SAST-GCN: Segmentation Adaptive Spatial Temporal-Graph Convolutional Network for P3-Based Video Target Detection

Front Neurosci. 2022 Jun 2:16:913027. doi: 10.3389/fnins.2022.913027. eCollection 2022.

Abstract

Detecting video-induced P3 is crucial to building the video target detection system based on the brain-computer interface. However, studies have shown that the brain response patterns corresponding to video-induced P3 are dynamic and determined by the interaction of multiple brain regions. This paper proposes a segmentation adaptive spatial-temporal graph convolutional network (SAST-GCN) for P3-based video target detection. To make full use of the dynamic characteristics of the P3 signal data, the data is segmented according to the processing stages of the video-induced P3, and the brain network connections are constructed correspondingly.
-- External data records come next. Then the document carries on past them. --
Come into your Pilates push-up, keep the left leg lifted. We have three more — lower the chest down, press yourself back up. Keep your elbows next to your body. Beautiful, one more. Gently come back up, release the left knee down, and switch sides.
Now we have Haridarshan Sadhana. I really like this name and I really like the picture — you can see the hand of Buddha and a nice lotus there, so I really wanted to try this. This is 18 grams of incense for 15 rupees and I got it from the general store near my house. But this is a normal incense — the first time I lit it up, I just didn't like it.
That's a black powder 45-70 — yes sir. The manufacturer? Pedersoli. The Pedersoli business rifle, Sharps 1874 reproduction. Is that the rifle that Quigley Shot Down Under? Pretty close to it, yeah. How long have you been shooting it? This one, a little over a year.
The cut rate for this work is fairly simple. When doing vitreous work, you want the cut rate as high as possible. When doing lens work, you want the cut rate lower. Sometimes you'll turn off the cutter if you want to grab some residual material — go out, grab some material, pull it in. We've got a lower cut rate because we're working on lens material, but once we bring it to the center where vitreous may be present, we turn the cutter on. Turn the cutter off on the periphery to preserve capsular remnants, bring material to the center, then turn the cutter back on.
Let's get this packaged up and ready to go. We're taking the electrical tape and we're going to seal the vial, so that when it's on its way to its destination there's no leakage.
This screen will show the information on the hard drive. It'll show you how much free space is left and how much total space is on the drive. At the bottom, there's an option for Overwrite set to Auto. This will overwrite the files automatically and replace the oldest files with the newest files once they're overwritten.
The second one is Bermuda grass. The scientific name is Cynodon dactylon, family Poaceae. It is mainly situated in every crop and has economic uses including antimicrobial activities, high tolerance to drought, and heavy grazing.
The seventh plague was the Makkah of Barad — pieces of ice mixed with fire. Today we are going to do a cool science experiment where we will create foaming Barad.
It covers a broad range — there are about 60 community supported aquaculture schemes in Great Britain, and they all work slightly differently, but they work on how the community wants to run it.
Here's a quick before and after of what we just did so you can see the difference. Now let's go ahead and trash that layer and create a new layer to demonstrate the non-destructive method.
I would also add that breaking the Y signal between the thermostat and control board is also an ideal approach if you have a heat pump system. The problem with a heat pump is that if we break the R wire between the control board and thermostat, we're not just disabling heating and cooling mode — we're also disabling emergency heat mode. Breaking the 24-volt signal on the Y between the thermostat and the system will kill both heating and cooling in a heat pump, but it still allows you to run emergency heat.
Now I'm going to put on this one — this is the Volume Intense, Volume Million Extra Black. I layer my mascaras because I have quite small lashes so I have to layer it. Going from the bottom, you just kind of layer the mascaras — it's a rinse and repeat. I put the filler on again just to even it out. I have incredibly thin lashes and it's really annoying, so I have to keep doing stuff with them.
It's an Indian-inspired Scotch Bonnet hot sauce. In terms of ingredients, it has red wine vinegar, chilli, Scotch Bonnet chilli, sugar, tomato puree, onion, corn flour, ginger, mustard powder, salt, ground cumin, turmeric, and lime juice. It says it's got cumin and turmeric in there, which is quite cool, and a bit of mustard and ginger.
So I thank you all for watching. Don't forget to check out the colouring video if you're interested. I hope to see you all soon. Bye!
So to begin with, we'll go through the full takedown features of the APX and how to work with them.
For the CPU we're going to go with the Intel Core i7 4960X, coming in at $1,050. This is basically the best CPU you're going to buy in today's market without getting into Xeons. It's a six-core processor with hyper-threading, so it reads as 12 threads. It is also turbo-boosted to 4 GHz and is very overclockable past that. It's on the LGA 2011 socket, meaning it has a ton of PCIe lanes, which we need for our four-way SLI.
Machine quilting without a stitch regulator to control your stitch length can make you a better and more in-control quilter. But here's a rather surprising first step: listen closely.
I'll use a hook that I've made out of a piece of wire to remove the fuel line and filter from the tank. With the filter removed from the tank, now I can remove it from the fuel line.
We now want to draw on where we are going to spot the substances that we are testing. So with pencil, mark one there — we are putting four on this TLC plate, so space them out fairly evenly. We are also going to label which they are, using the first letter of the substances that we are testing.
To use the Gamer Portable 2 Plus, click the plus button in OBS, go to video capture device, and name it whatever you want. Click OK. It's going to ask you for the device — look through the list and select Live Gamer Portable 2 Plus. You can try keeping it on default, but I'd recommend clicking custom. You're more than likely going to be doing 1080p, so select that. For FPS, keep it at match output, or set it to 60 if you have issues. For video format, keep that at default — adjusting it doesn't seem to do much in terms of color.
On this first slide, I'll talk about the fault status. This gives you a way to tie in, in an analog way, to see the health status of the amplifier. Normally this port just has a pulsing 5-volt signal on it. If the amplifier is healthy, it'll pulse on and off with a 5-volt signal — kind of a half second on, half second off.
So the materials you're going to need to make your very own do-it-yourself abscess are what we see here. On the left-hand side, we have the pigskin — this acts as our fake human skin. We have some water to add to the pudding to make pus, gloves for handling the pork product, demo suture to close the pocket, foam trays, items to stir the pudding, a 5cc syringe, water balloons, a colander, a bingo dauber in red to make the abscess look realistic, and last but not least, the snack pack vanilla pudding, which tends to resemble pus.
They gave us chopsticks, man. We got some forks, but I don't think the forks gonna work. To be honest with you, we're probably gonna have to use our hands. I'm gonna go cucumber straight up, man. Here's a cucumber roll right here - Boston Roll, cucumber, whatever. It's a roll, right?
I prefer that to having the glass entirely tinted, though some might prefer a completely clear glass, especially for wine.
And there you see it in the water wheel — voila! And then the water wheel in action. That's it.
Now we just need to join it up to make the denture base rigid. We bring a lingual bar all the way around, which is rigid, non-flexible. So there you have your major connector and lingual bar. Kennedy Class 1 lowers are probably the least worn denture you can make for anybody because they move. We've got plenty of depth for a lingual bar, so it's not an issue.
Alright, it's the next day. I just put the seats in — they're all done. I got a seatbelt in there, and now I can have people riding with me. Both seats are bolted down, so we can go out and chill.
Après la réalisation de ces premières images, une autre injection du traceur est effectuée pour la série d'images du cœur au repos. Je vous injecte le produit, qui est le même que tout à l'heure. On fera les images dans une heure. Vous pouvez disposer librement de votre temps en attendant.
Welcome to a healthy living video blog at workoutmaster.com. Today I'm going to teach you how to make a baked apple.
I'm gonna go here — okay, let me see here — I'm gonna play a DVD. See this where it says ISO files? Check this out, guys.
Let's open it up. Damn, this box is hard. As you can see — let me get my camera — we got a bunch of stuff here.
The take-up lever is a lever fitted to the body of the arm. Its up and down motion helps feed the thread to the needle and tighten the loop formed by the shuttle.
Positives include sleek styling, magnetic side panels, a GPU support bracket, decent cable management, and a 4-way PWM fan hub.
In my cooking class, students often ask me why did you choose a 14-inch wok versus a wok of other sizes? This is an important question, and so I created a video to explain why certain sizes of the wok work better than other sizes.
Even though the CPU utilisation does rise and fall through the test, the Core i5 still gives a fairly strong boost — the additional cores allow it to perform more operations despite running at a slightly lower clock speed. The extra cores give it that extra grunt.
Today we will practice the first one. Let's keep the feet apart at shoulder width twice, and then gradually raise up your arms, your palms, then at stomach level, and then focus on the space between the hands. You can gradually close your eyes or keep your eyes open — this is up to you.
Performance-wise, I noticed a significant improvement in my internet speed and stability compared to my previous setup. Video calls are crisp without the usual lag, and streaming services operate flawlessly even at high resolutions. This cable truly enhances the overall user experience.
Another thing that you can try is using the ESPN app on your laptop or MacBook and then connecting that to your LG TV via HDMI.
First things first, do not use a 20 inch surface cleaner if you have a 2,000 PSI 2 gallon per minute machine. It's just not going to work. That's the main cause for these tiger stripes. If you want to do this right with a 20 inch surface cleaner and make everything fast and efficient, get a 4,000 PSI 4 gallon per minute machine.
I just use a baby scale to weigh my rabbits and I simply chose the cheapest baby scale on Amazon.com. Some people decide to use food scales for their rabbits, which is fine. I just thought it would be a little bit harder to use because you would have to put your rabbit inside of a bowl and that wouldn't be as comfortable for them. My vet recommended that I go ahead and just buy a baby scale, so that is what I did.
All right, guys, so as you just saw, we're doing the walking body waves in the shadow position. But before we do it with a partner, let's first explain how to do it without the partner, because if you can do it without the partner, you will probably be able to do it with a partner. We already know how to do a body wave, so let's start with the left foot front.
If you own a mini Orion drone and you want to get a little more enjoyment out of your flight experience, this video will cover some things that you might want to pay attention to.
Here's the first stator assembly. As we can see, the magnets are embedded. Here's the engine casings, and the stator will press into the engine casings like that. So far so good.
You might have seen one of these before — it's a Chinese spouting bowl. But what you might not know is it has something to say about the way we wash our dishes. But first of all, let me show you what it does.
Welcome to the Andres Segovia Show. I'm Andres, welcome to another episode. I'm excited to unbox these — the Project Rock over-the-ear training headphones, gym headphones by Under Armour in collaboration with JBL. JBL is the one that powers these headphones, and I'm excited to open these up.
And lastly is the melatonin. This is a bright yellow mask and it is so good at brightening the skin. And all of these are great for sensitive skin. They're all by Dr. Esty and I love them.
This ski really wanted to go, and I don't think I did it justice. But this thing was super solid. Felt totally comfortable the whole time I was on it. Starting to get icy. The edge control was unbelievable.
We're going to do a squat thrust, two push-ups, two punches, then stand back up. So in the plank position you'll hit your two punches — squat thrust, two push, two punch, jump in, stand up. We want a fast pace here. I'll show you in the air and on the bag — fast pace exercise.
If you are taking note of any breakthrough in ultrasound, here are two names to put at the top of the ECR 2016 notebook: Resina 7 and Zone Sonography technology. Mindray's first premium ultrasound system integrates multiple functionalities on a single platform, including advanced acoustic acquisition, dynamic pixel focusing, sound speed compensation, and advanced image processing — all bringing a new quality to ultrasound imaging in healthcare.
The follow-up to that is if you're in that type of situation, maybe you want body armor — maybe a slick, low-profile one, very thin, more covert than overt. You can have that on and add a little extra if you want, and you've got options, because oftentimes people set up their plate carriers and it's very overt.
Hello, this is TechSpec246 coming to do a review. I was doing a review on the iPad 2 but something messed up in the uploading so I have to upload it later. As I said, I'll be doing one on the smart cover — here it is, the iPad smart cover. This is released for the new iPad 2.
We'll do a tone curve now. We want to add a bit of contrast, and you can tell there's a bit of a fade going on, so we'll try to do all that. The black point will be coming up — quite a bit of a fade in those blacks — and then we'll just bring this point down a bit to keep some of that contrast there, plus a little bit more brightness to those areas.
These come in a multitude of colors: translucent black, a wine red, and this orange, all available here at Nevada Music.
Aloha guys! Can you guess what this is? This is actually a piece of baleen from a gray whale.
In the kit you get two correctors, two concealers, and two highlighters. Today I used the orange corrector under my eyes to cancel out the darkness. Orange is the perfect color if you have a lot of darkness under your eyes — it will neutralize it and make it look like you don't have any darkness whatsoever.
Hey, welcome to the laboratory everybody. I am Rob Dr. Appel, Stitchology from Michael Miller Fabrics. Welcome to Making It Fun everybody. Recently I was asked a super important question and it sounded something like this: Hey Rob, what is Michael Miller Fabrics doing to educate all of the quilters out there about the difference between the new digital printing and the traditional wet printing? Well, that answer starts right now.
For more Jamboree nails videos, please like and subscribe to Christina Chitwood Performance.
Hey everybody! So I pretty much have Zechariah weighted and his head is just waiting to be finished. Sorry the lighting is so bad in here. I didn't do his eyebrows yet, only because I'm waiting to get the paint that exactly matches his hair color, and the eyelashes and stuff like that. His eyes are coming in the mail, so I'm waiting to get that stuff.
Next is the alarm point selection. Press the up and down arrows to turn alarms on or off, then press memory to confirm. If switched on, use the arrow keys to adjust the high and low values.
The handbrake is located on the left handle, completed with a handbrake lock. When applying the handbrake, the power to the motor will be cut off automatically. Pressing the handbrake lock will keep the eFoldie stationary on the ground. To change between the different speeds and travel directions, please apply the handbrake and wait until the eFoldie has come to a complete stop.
Then, the spatial-temporal feature of EEG data is extracted by adaptive spatial-temporal graph convolution to discriminate the target and non-target in the video. Especially, a style-based recalibration module is added to select feature maps with higher contributions and increase the feature extraction ability of the network. The experimental results demonstrate the superiority of our proposed model over the baseline methods. Also, the ablation experiments indicate that the segmentation of data to construct the brain connection can effectively improve the recognition performance by reflecting the dynamic connection relationship between EEG channels more accurately.

Keywords: P3 detection; brain-computer interface (BCI); electroencephalography (EEG); graph convolutional neural networks (GCN); style-based recalibration module (SRM).